Predicting breast cancer survival using machine learning models with clinical data and gene expression profiles.
This is the project for the "Introduction to Machine Learning" course at Sharif University of Technology. In this project, we are going to predict the survival of patients with breast cancer using machine learning models with clinical data and gene expression profiles. The dataset used in this project is the Breast Cancer Gene Expression Profiles (METABRIC).
First, we did some preprocessing and EDA on the clinical data and gene expression profiles. Then, we investigated whether it is needed to use a dimensionality reduction approach or not. Afterwards, we used different machine learning models (Classical and Neural Network methods) to predict the survival of patients. Finally, we compared the results of different models and different datasets.
First, we analyzed effect of age on survival. From the charts below we can have the following interpretation that if the disease is diagnosed at early ages there is a better chance that the patient survive, but, we have to consider the fact that the death from the disease somehow overlaps with the living box and that chance isn't that much. At least we can say that diagnosis after age 85 is not effective.
Then, we analyzed effect of tumor stage on survival. From the chart below, we can tell that if the patient is in stage 1 the probability of surviving is much higher if she was in stage 2, 3 or 4. Although in stage 2 the chance of surviving is pretty high.
The next step was to analyze the effect of tumor size on survival. We can say that the every tumor sizes kills! But when it's bigger, it will kill more. Also, tumors with bigger sizes are probable to be in stages 3 that considering the results in the section above, they will be more dangerous.
Different therapy methods have different effects on survival. There are three therapy methods mentioned in the data set
chemotherapy
radio_therapy
hormone_therapy
From the charts below we can find out:
- Every patient tried at least one type of therapy
- radio therapy and hormone therapies were more effective and was used together more frequently.
Finally, we analyzed the correlation between different features and survival.
We used PCA and UMAP to reduce the dimensionality of the gene expression profiles.
We implemented classic classification models for clinical, gene expressions, and reduced gene expressions datasets. We used scikit-learn library to build and train the models. We didn't stopped at Random Forest model and examined different methods for the datasets and compared them together. This work is done for each dataset (i.e. clinical, gene expression and reduced gene expression). The models that are used are as follow:
- Random Forest
- Logistic Regression
- AdaBoost
- XGBoost
- Support Vector Classifier
The classification result on clinical data is as follow:
========== Train =========================
Random Forest : 1.00
Logistic Regression : 0.79
Ada Boost : 0.87
XGBoost : 0.90
SVC : 0.87
========== Test ==========================
Random Forest : 0.76
Logistic Regression : 0.71
Ada Boost : 0.75
XGBoost : 0.75
SVC : 0.76
And here are the RoC Curves:
The classification result on gene expression data is as follow:
========== Train =========================
Random Forest : 0.95
Logistic Regression : 1.00
Ada Boost : 0.98
XGBoost : 1.00
SVC : 0.93
========== Test ==========================
Random Forest : 0.64
Logistic Regression : 0.63
Ada Boost : 0.58
XGBoost : 0.66
SVC : 0.70
And here are the RoC Curves:
Finally, the classification result on reduced gene expression data is as follow:
========== Train =========================
Random Forest : 0.80
Logistic Regression : 0.60
Ada Boost : 0.80
XGBoost : 0.85
SVC : 0.60
========== Test ==========================
Random Forest : 0.65
Logistic Regression : 0.64
Ada Boost : 0.60
XGBoost : 0.62
SVC : 0.66
And here are the RoC Curves:
We implemented a neural network model for clinical, gene expressions, and reduced gene expressions datasets.

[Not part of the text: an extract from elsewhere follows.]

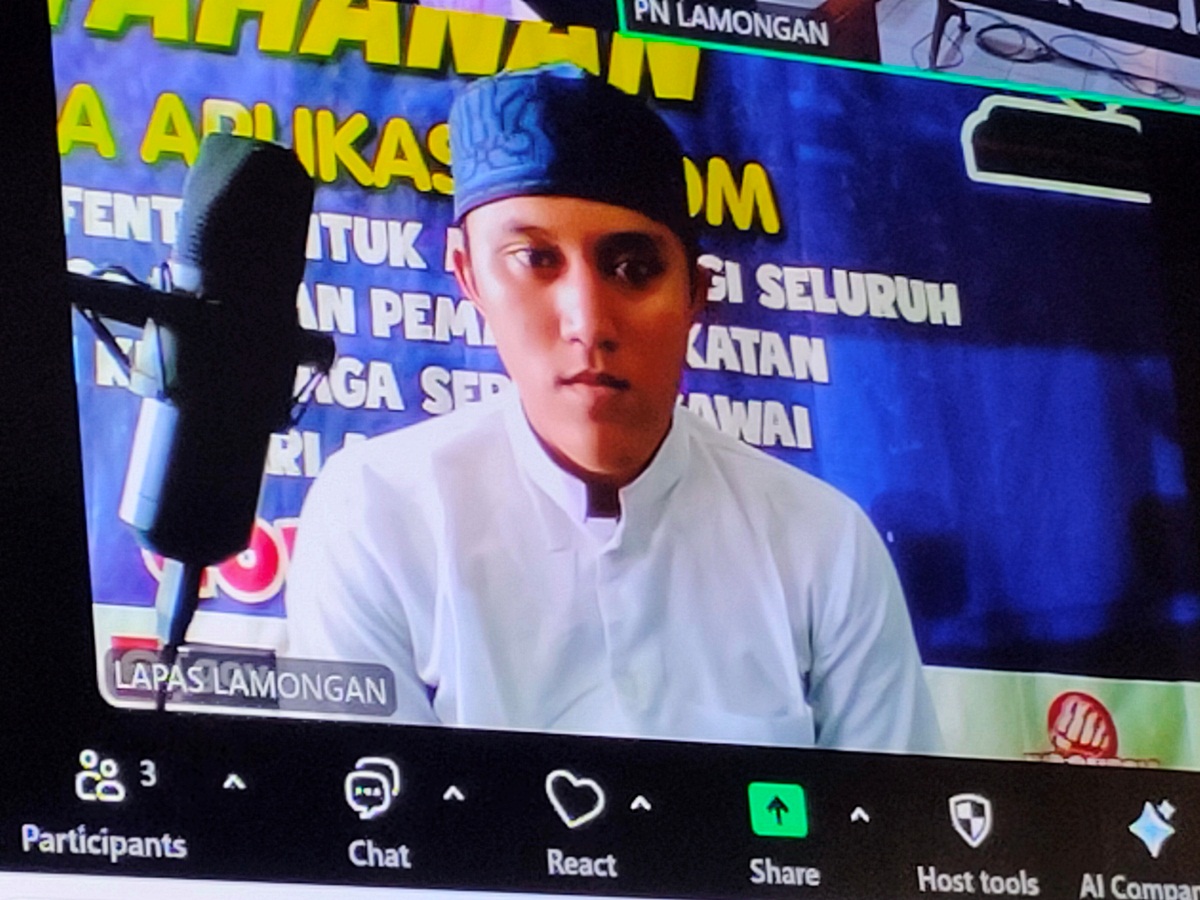 DITUNTUT SEPULUH BULAN: Muhammad Syahrial Ramadhani menjalani persidangan kasus pengeroyokan. (IST/RDR.LMG)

The confusion matrix for different datasets are as follow:
Clinical | Gene Expression | Reduced Gene Expression |
According to the results, classical models work better on the given datasets. Because the data is sparse and building a complex model over it results in overfitting. So, simpler models such as Random Forrest and XGBoost reach better results on Clinical and Reduced Gene Expression datasets and on par on Gene Expression dataset.